There are many principles, concepts and “laws” that apply to product and service pricing. The following are three that I’ve found organizations regularly violating, or at least ignoring, during my five decades in industry. In most cases, they’ve not consciously ignored these laws, rather they’ve violated them because they’ve never given them any thought. They blindly follow the practices they’ve inherited from their predecessors.
Law #1 – An organization will win a lot of business when it gives away the things it does, but it will not win much business when it charges customers for things it doesn’t do for them. You would think this law is pretty obvious. A price that doesn’t include the cost of performing all of the work required to produce a product or provide a service is likely to be much more competitive than a price that contains the cost of work that is not performed. Yet organizations behave as if this law doesn’t exist when they use over-generalized, financial accounting-focused cost models to establish acceptable sales prices. They win jobs they under cost – jobs that are destined to lose money or underperform – and lose out on jobs they over costs – jobs that could have been profitable. This law emphasizes the importance of valid, causality-based cost models in making quality pricing decisions.
Law #2 – Cost does not determine price; the market determines price. Cost determines whether or not a company wants to sell at the market price. When an organization quotes business by rolling up its estimated cost and adding a profit margin, it develops a subconscious, but non-existent, link between cost and price. Such organizations regularly lie to themselves by artificially manipulating costs so that they can reduce a price to meet the market and still show a targeted profit on a product or service they’re trying to sell. They’re then surprised when they win the job and it doesn’t earn them the targeted profit. In cases where the organization is especially efficient in producing its product or providing its service, it often ends up winning the business at price below market and losing out on potential profits. This law highlights the importance of both a solid understand of “what price the market will bear” and a valid, causality-based cost model to an organization that wants to maintain a profitable portfolio of business.

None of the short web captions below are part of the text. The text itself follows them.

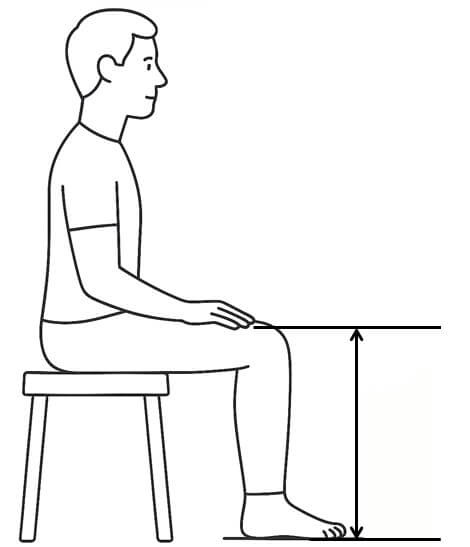 小腿長(Lower leg)量測示意圖
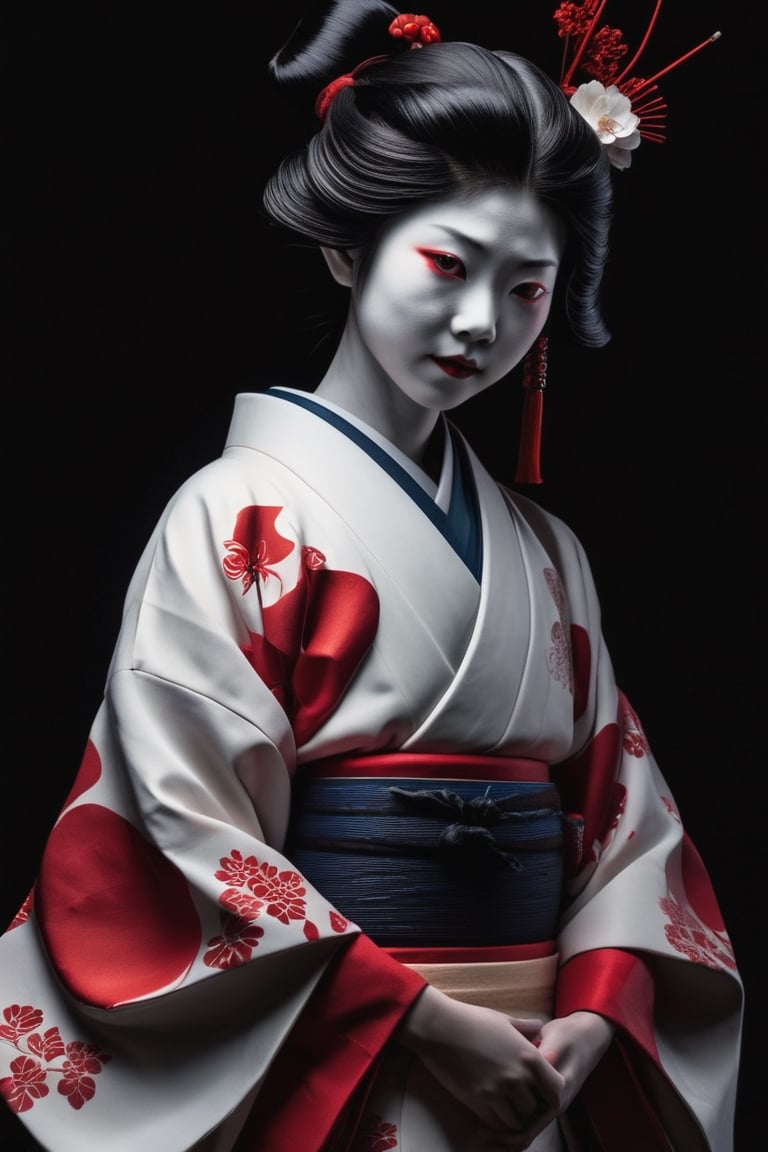 Captured in monochromatic tones of inky darkness, a haunting Japanese girl clad in traditional attire emerges from swirling shadows, her porcelain features contorted with an uncanny smile, radiating an eerie calmness as crimson eyes glow ominously.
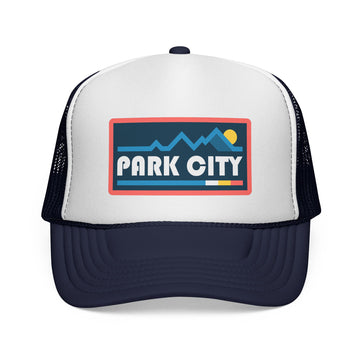 Buy dark-navy Park City, Utah Retro Mountains Trucker Hat - Vintage Style Park City Cap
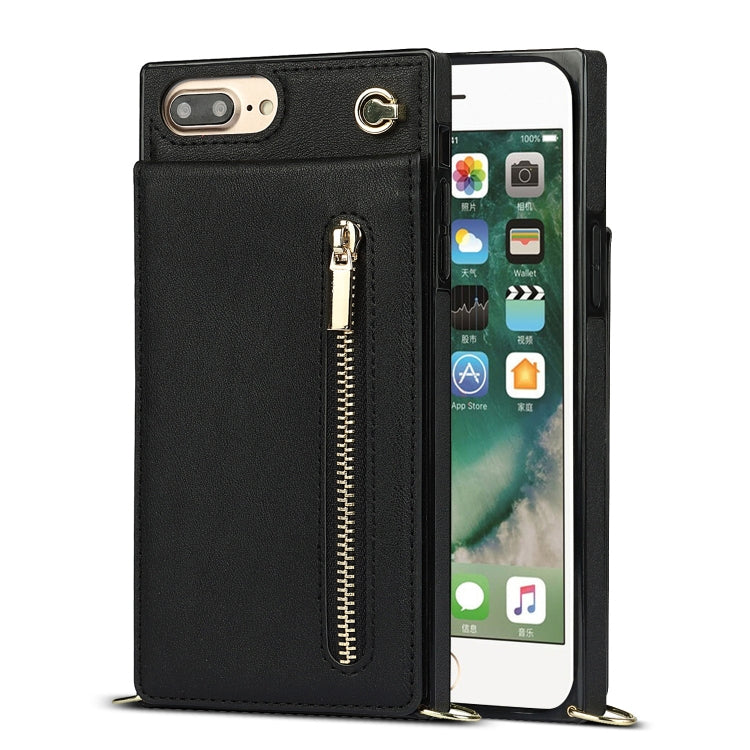 Custodia portafoglio TPU e PU con cerniera per iPhone 8 Plus e 7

Law #3 – Any costs that are not assigned to products or services actually are assigned to them as a percentage of those costs that have been assigned. The standard thought process posits that the gross margin percentage added to a product or service’s cost covers both those business’ costs that were not assigned and the product or service’s profit. Let’s think about that premise for a moment. Suppose a company has a company-wide net profit target of 10% of sales and to attain that profit adds a 30% gross margin to each product or service it sells. Doesn’t that mean it adds 17% to cover the “unassigned costs” and then 11.1% to the new total to arrive at a 10% profit as a percentage of sales? Aren’t those unassigned costs being added as a percentage of the costs that are assigned? But what if those unassigned costs include customer or market support cost, product or service line support costs, order fulfillment costs or any of the other types of costs that vary based on the customer or market being served or the product or service being sold? Does a flat “percentage of total cost” really provide an understanding of the cost and profitability of each of the organization’s products, services or customers? This law highlights the fact that the causality principle also applies to many of those “below the gross margin line” expenses and should be incorporated into the costing and pricing of an organization’s products and services.
Being aware of these laws, developing a solid understand of the market and creating a valid, causality-based cost model are fundamental to making quality pricing decisions.